Provided data »
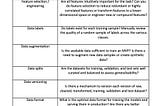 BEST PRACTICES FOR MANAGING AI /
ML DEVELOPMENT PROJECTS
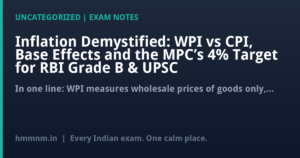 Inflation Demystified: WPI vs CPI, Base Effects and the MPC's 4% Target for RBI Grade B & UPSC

--

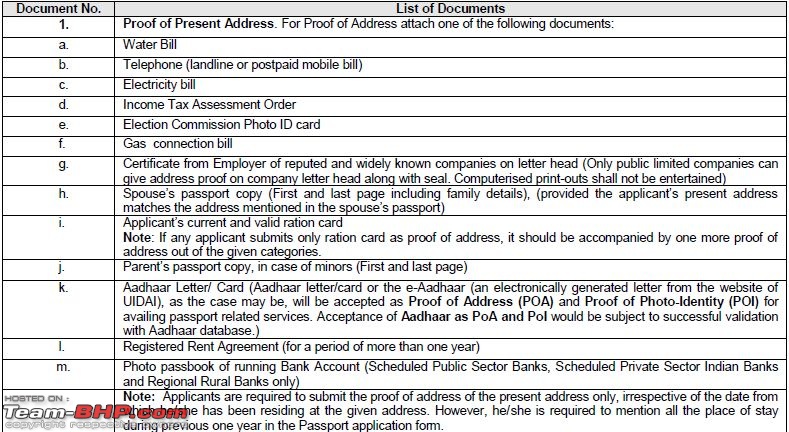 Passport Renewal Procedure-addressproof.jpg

Exercise objective »
Exact repeat of the material above: every line from the one with "BEST PRACTICES FOR MANAGING AI /" through the one with "Inflation Demystified: WPI", endpoints included, and nothing more. No pictures.

Answer to the exercise »
 BEST PRACTICES FOR MANAGING AI /
ML DEVELOPMENT PROJECTS
 Inflation Demystified: WPI vs CPI, Base Effects and the MPC's 4% Target for RBI Grade B & UPSC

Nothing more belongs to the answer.